Twitter is now restricting posts that contain cryptocurrency addresses
July 16, 2020, 10:01AM EDT · 2 min read
- Twitter appears to have disabled the ability to share strings of numbers and letters on its site following a wide-spread attack Wednesday
- That attack resulted in the posting of bitcoin giveaway scams from accounts owned by major figures like Joe Biden and Bill Gates, among many others
- At the time of publication, tests conducted by The Block Research show litecoin, XRP, monero, bitcoin and ethereuem addresses are unable to be shared
Twitter appears to have disabled the ability to share strings of numbers and letters on its site following a wide-spread attack Wednesday that resulted in the posting of bitcoin giveaway scams from accounts owned by major figures like Joe Biden and Bill Gates, among many others.

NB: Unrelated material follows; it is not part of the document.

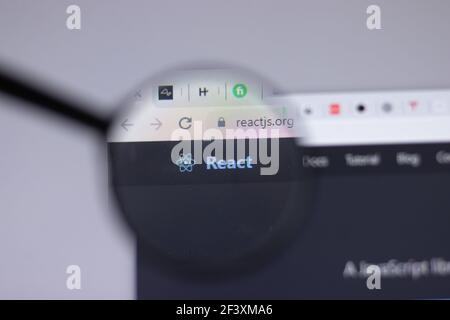 New York, USA - 18. März 2021: React Logo Icon auf der Webseite, illustrative Editorial Stockfoto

The move is likely aimed at preventing would-be fraudsters from sharing cryptocurrency addresses — made up of a random string of letters and numbers — in a bid to solicit cryptocurrency from victims. Wednesday's breach resulted in Twitter users sending more than $100,000 to the same bitcoin address shared by compromised accounts, all of which promised outside rewards for those who sent funds.
At the time of publication, tests conducted by The Block Research show litecoin, XRP, monero, bitcoin and ethereuem addresses are unable to be shared.

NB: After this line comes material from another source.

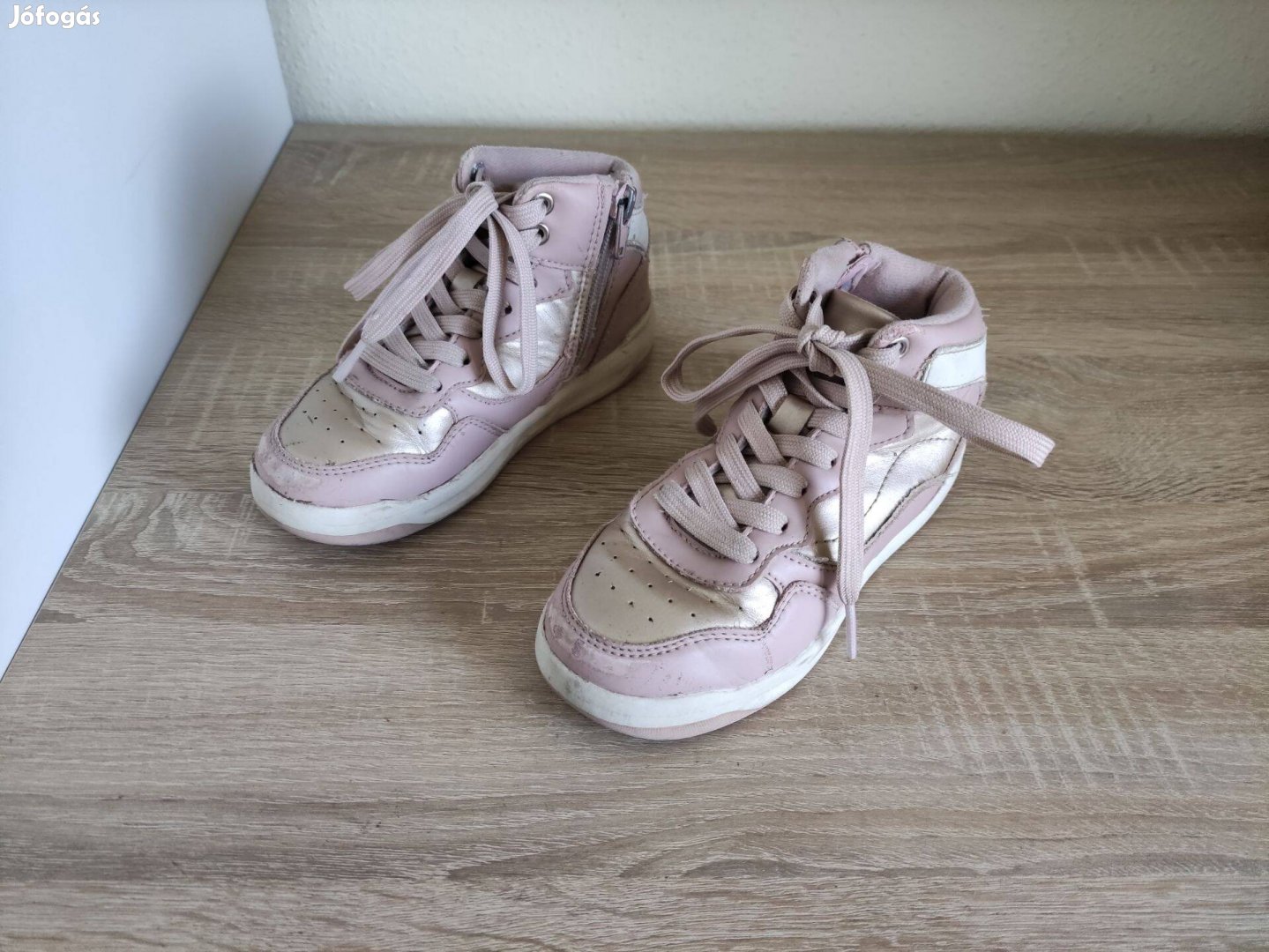 28-as lányka rózsaszín bokacipő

Trying to share such an address populates the following message:
“This request looks like it might be automated. To protect our users from spam and other malicious activity, we can’t complete this action right now. Please try again later.”
Indeed, at least one popular account known for sharing address information — WhaleAlerts — has now said that it can't post its messages to Twitter.
ℹ️ Due to anti-hack measures taken by Twitter the Whale Alert bot can no longer post any transfers and we cannot manually add them either. We hope Twitter will resolve the issue soon. Transfers are still being posted to our Telegram channel: https://t.co/vVRNZuovHX— Whale Alert (@whale_alert) July 16, 2020
As previously reported, Twitter has blamed a "coordinated social engineering attack" on yesterday's platform crisis, pursued by attackers "who successfully targeted some of our employees with access to internal systems and tools."
"We know they used this access to take control of many highly-visible (including verified) accounts and Tweet on their behalf. We’re looking into what other malicious activity they may have conducted or information they may have accessed and will share more here as we have it," the company's support account explained late Wednesday.